### [What you have to do]
Only the pictures are to be dropped; the rest of the data below is to be duplicated exactly.

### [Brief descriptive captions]
========================

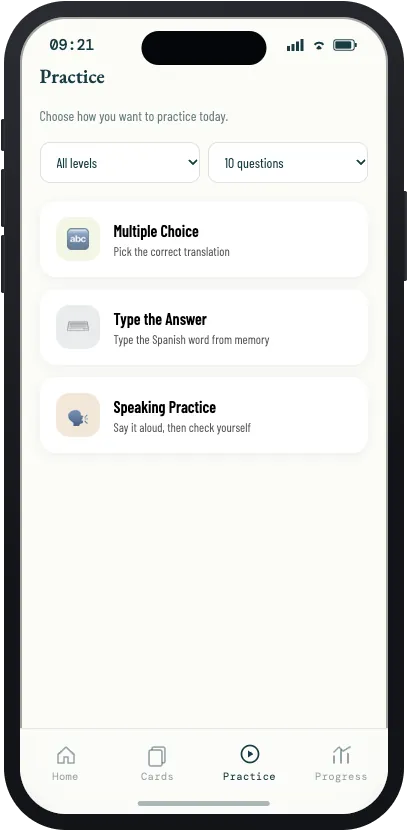 Practice screen offering multiple choice, type the answer, and speaking practice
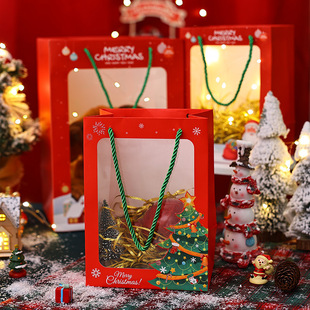 Cross-border New Christmas Gift Tote Cartoon Christmas Eve Gift Bag Candy Transparent Window Bag Batch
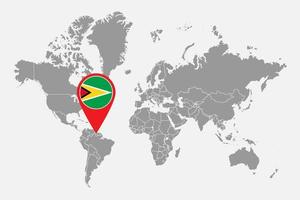 pin mapa con bandera de guyana en el mapa mundial. ilustración vectorial vector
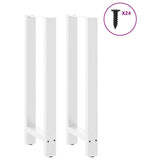 White coffee table legs 2 pcs 50x(100-101) cm steel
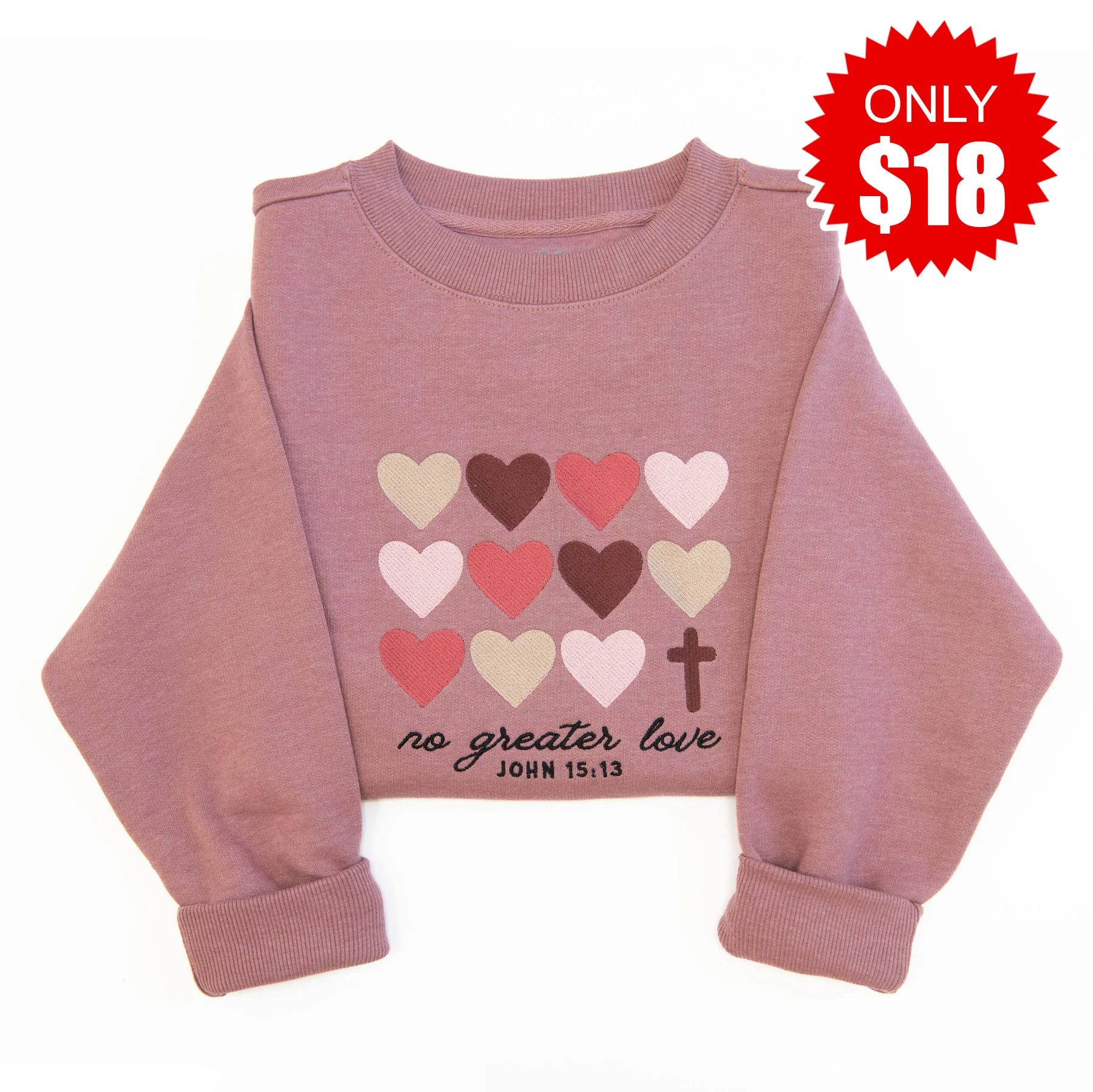 No Greater Love Embroidered Crewneck Sweatshirt - 18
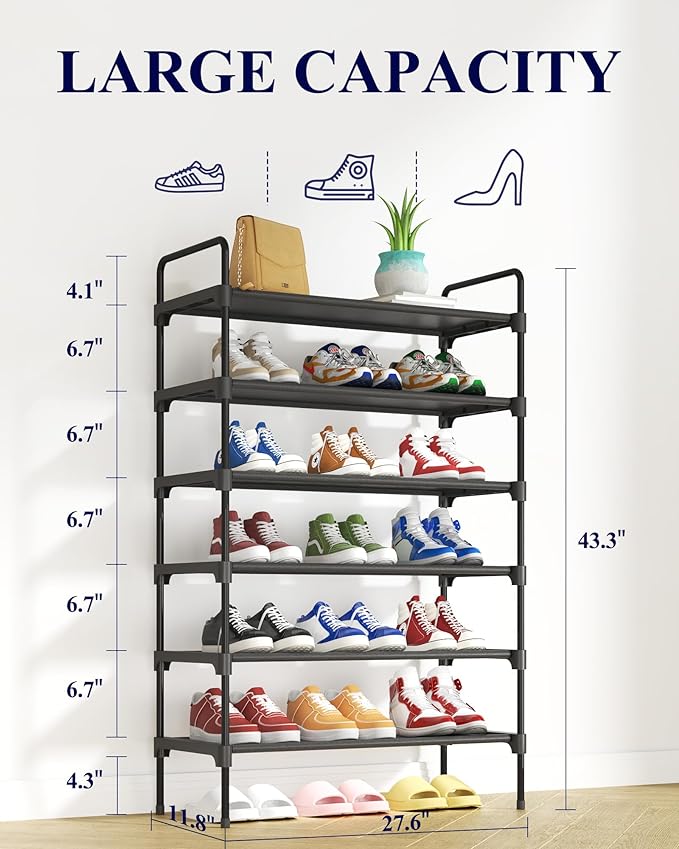 Kitsure Shoe Rack for Closet, Sturdy and Long-Lasting Shoe Shelf, Shoe Rack for Entryway, Personalized DIY Shoe Organizer, Sh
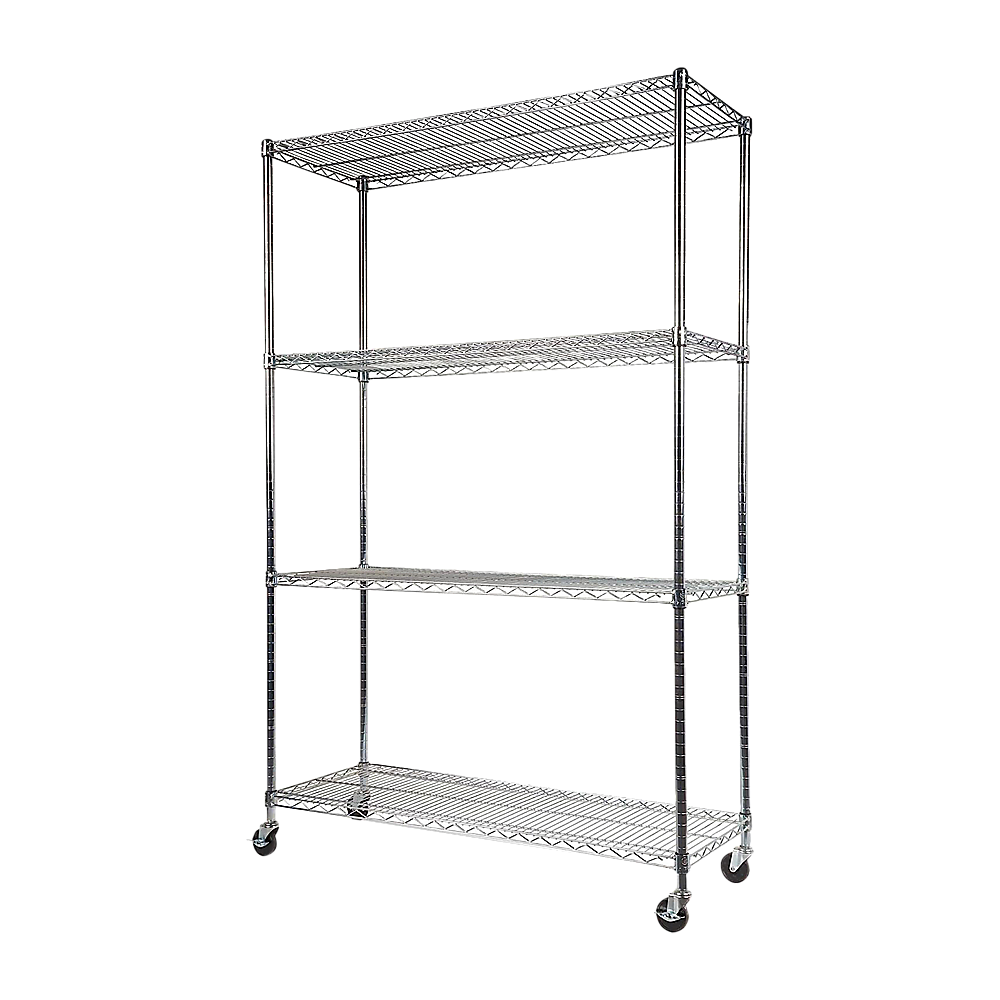 Modular Wire Storage 150x45cm Steel Shelving Chrome With Wheels For Garage Warehouse Or Kitchen Organisation V63-841191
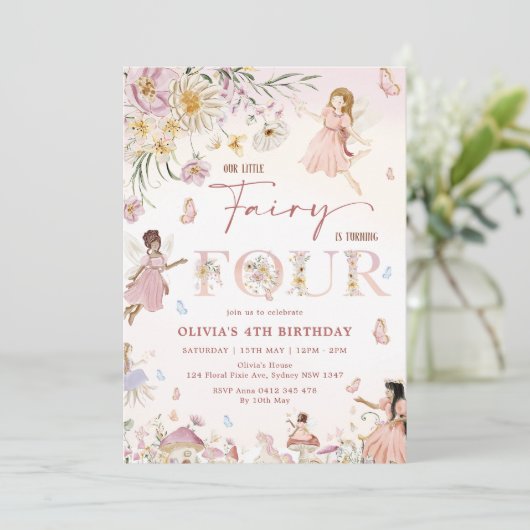 ワイルドフラワーカラフルフェアリープリンセス4th誕生日 | 招待状 (スタンド正面)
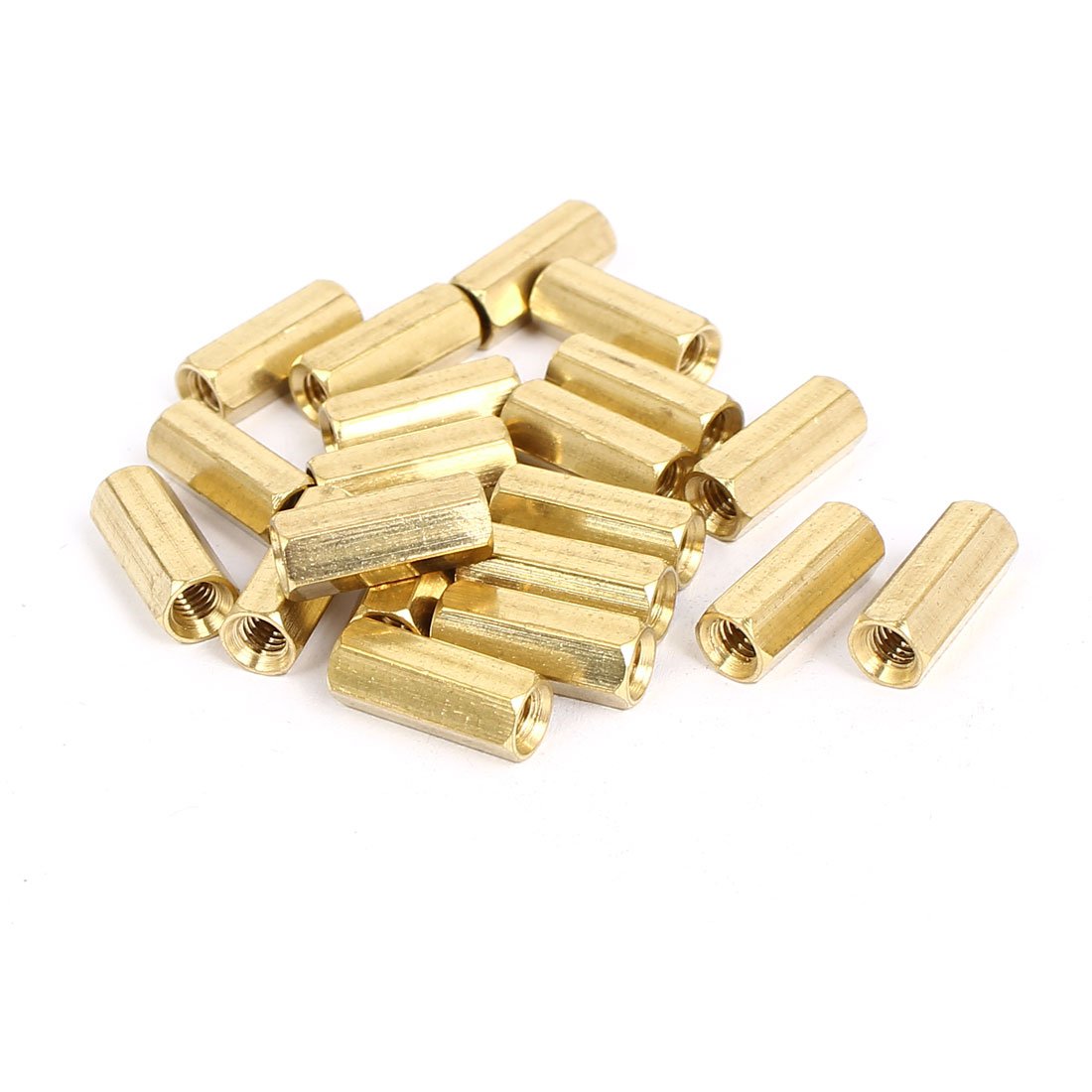 sourcing map M4x15mm Brass Hex Hexagonal Female Thread PCB Standoff Spacer 20pcs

========================

### [Exercise solution]
 Practice screen offering multiple choice, type the answer, and speaking practice
 Cross-border New Christmas Gift Tote Cartoon Christmas Eve Gift Bag Candy Transparent Window Bag Batch
 pin mapa con bandera de guyana en el mapa mundial. ilustración vectorial vector
 White coffee table legs 2 pcs 50x(100-101) cm steel
 No Greater Love Embroidered Crewneck Sweatshirt - 18
 Kitsure Shoe Rack for Closet, Sturdy and Long-Lasting Shoe Shelf, Shoe Rack for Entryway, Personalized DIY Shoe Organizer, Sh
 Modular Wire Storage 150x45cm Steel Shelving Chrome With Wheels For Garage Warehouse Or Kitchen Organisation V63-841191
 ワイルドフラワーカラフルフェアリープリンセス4th誕生日 | 招待状 (スタンド正面)
 sourcing map M4x15mm Brass Hex Hexagonal Female Thread PCB Standoff Spacer 20pcs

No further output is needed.